Over the course of four days, the Nebraskans talked strangers into giving their cameras a “Hell yeah, Brother.” They threw a banana at a moving competitor. They had Van-Tastic valet parked. They paid their respects to Col. Sanders and Johnny Appleseed and visited Churchill Downs. They did not get tattoos.
In all, they completed about 40 challenges, not nearly enough to keep pace with the top two teams.
And they were cool with that, at first. They were having a blast.
“I had zero expectation of winning it,” said Brad Sharp of Lincoln, who had bought the van, peeled off its top and talked a pair of friends into joining him on the road. “I was really just looking forward to the adventure.”
But on the last morning, as they were rolling toward New Orleans in their former church van, he came up with a Hail Mary.
***
The Chop Top Challenge started more than a decade ago, with a spring break road trip.
A Michigan schoolteacher and his brother climbed into an ’89 Honda CR-X without a roof or windshield — now known as the OG Choppy — for a trip to Miami and back.
“And the following year, they decided, ‘Hey, that was dumb and fun at the same time.’ And they have a lot of dumb friends, so they decided to try to convince their dumb friends to join them,” said Phong Nguyen, one of those friends.
The brothers created the Chop Top Challenge as part road rally, part scavenger hunt. Nguyen’s team won that inaugural event.
The rules are straightforward: You have to chop the top from a car that was never offered as a convertible. And you must lose the windshield, too.

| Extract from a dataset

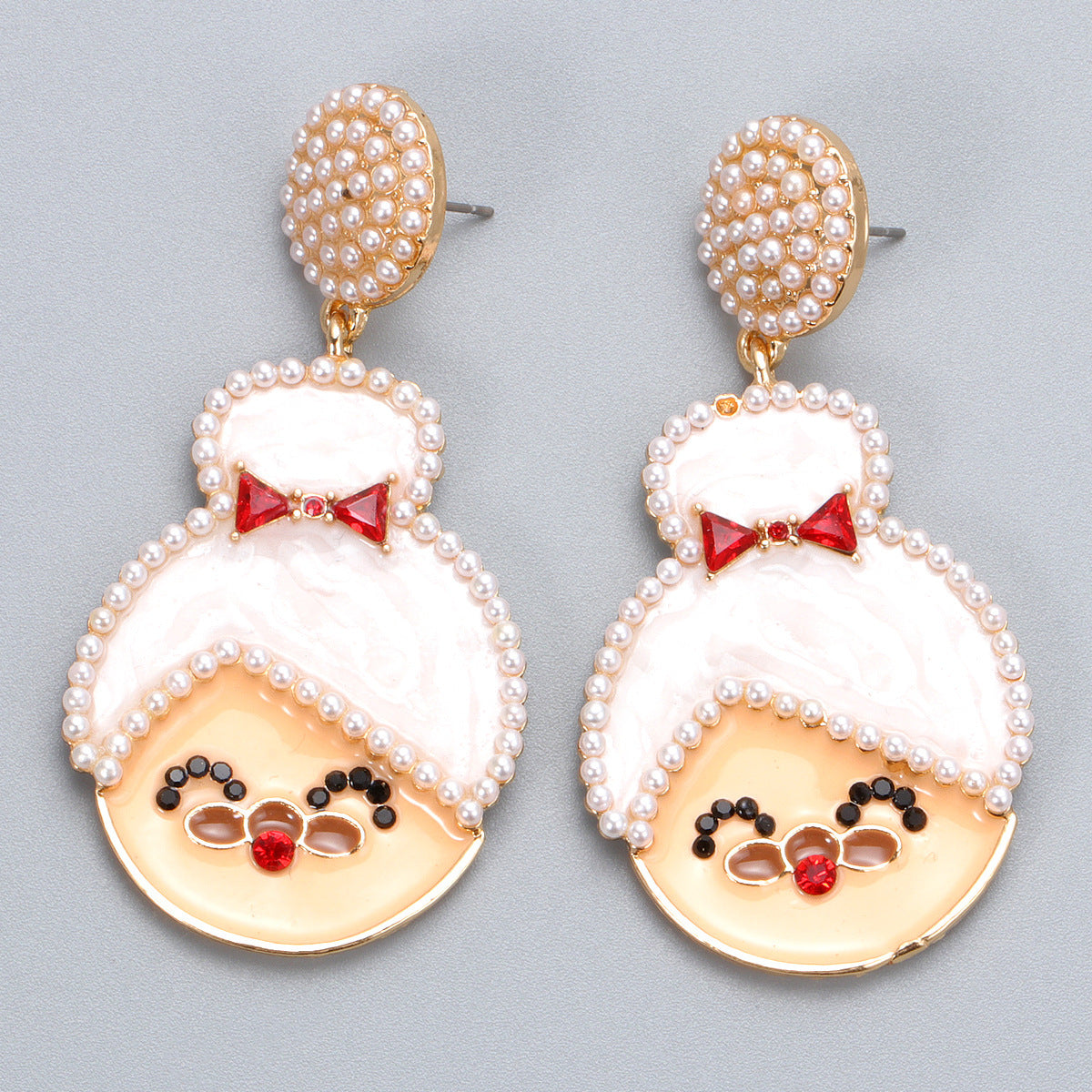 Wholesale Creative Santa Claus Earrings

It’s tougher than it sounds, Nguyen said. March in the Midwest is unpredictable, and teams have faced snow and rain and bone-chilling cold from the road wind. Which is why they wear full-face helmets and some pack snowmobile suits.
“You’re not used to being open to the elements in a car. You’re thinking, you know, a sweater or a hoodie and you’ll be fine. That’s not the case. It’s terrible if you’re not fully geared up.”

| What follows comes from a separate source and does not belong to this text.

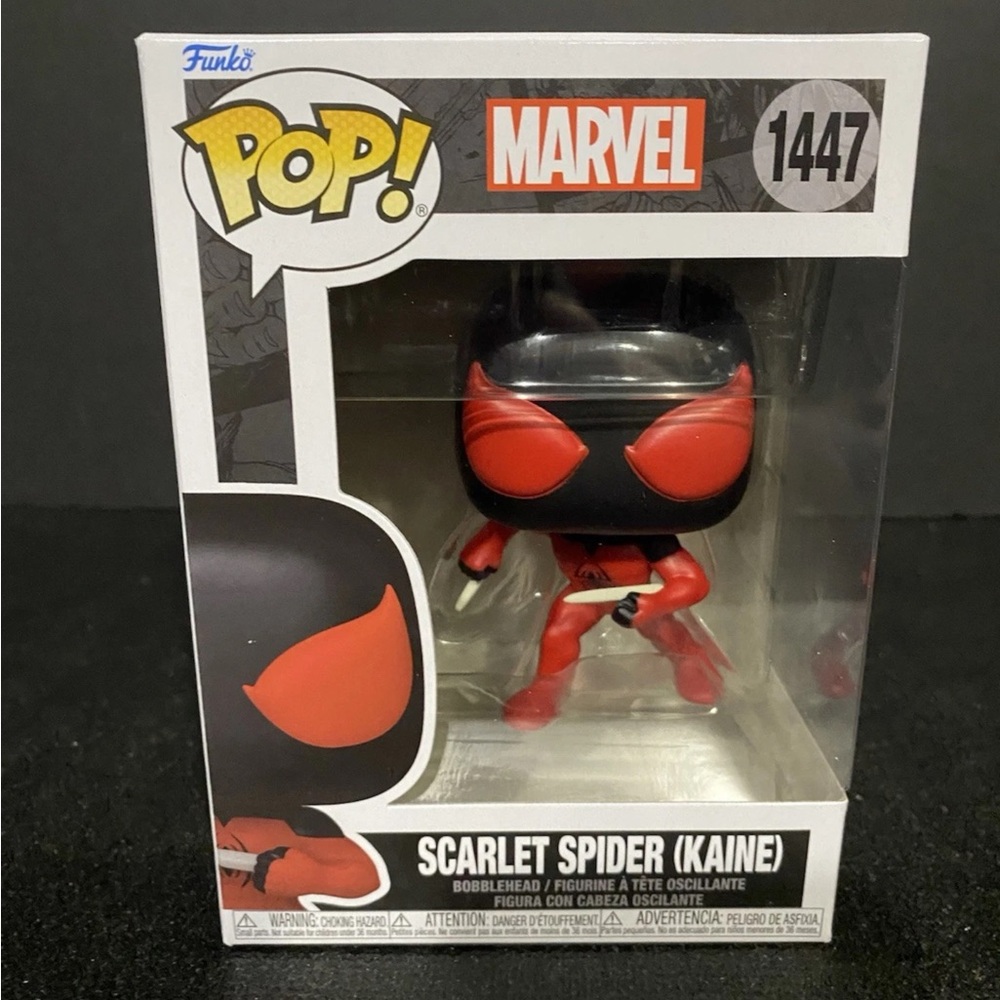 Funko Pop Scarlet Spider Kaine Marvel Spider-Man Spiderman #1447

On the first of the four days, the Chop Top Council hands out a list of nearly 400 challenges and tasks, largely organized by city. It encourages long hauls; the farther the challenge is from the most direct route, the higher the payoff.

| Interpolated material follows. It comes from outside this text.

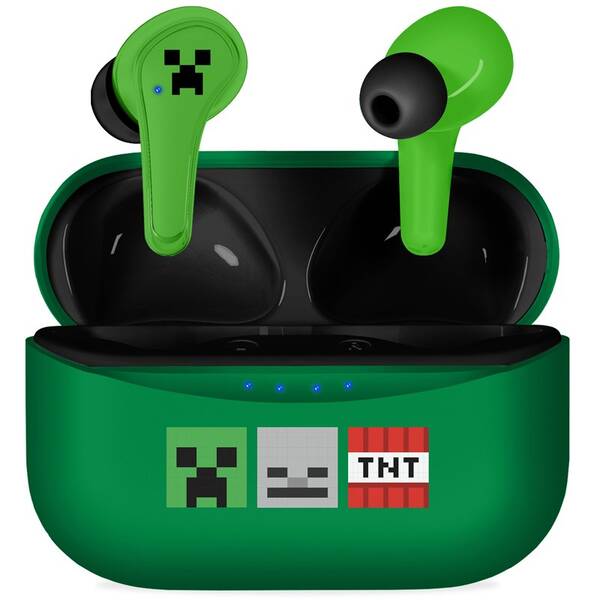 Sluchátka OTL Technologies Minecraft Icons TWS zelená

The council also issues challenges not tied to the route. Haul a full-size piano from start to finish: 1,500 points. Drive through a car wash: 500. Chase a tornado: 300. One year, they awarded points for a marriage proposal.
All this with little tangible reward waiting at the finish line. Last year, they gave the winner a second-hand motocross trophy. This year, teams were jockeying for a WWE-style title belt.
But that’s not why so many of the same teams return, Nguyen said. They’re drawn back by the shenanigans — and the camaraderie.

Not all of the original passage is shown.